By Helena Rodriguez: Freedom Newspapers
Mexicans are on familiar terms with death. They are undaunted by death and have no qualms about getting up close and personal with death, according to Nobel Prize-winning poet, writer and diplomat, Octavio Paz.
Paz goes on to say, “He (the Mexican) chases after it, mocks it, courts it … it is his favorite plaything and his most lasting love.”
With the two-day Mexican celebration called Dia de los Muertos or Day of the Dead coming up on Wednesday and Thursday, I started thinking about how other cultures in the United States today perceive death.
For starters, I cannot say that all Mexicans have this light-hearted outlook toward death. But during this Dia de los Muertos celebration, which is becoming more popular in the Southwestern United States — and even here in our area, where a big event is being planned in Lubbock — it is clear that death is actually a celebration of peoples’ lives and during this celebration, they don’t mind poking fun at death.
According to an article by Dale Hoyt Palfrey at www.mexconnect.com,
“While death is a topic largely avoided in the USA, the remembrance of deceased ancestries and loved ones is traditional among diverse cultures around the globe.”
That statement may also be a little too generalized because most Christians in the United States today have a hope in the afterlife and believe their loved ones pass on to a better place. However, our perception toward the actual image of death is generally grim and in some cases, such as the recent Terri Schiavo case, some people go through great lengths to avoid death by even relying on artificial means to prolong a life.
What exactly is Dia de Los Muertos, though? Let me back up a little.
According to Palfrey, Dia de Los Muertos is a rare mix of pre-Hispanic and Roman Catholic rituals. When Spaniards found the Aztecs observing this originally pagan holiday during the months of July and August, they moved it to Nov. 1-2 to coincide with the Catholic All Saints Day and All Souls Day. However, observances today, depending on the region, are either Christian or continue to include some elements of paganism.

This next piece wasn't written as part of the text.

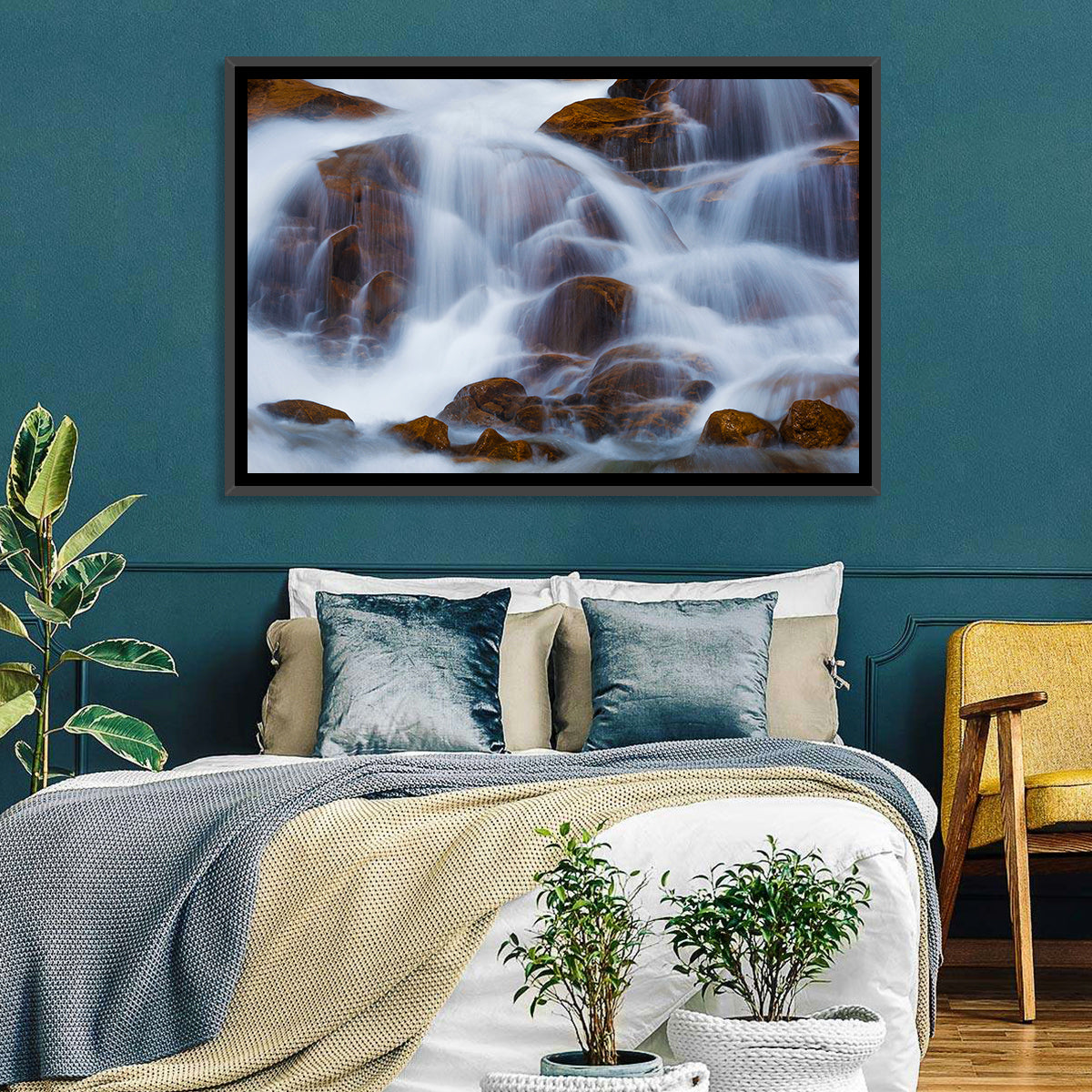 Rocky Mountain Waterfall Wall Art in a room, landscape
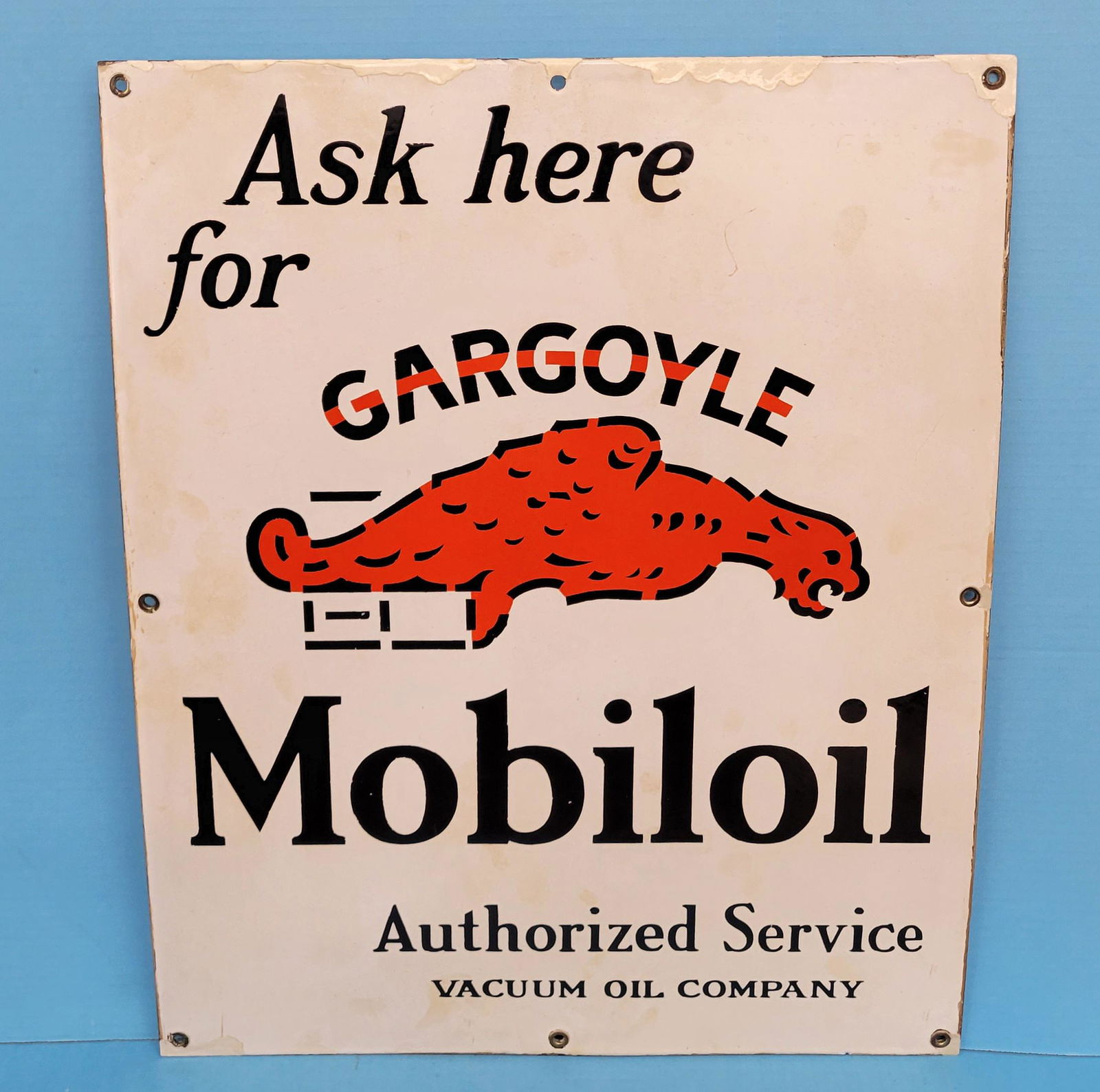 Ask Here For Gargoyle Mobiloil Authorized Service Vacuum Oil Company Single Sided Porcelain Sign (1 of 4)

People who observe the celebration in extreme form often place marigold flowers and burn candles on a loved one’s grave. They also display their favorite foods and items the person enjoyed, such as cigarettes, cigars, sweets, toys or liquor. In central Mexico, people set up picnics on the graves of loved ones.
In addition, some people purchase candy skulls made of sugar (especially made for this occasion), and inscribe the names of loved ones on them. Also, they display whimsical images of death, including comical skeleton figures. Death herself is also given whimsical names such as La Catrina, La Flaca, La Huesuda, Fancy Lady and Baldy.
I feel uncomfortable with extreme forms of Dia de los Muertos, some of which go against Catholic and general Christian beliefs. For example, I don’t believe the notion that loved ones return to Earth for a day and have a picnic with those on Earth and enjoy the things they left behind. However, I do believe that death is a natural part of life, and during situations in which death is inevitable, death should be embraced, not feared.
When I was growing up, Mom had a saying that anytime there was a birth in the family, there was sure to be a death to balance it out. I believed her because in our large, extended clan, folks were always coming and going. This theory, however, does not explain the U.S. recently hitting the 300 million population mark. While we’re having babies, we’re also staying around longer.
I think what Mom was really getting at is that life and death, both our comings and goings, are a natural part of the life process. And for those of us who believe in the afterlife, it doesn’t end there. We just move on to a different state of being. Therefore, it doesn’t hurt to poke fun at La Huesuda, the scrawny skeleton one, because the last laugh will be on her.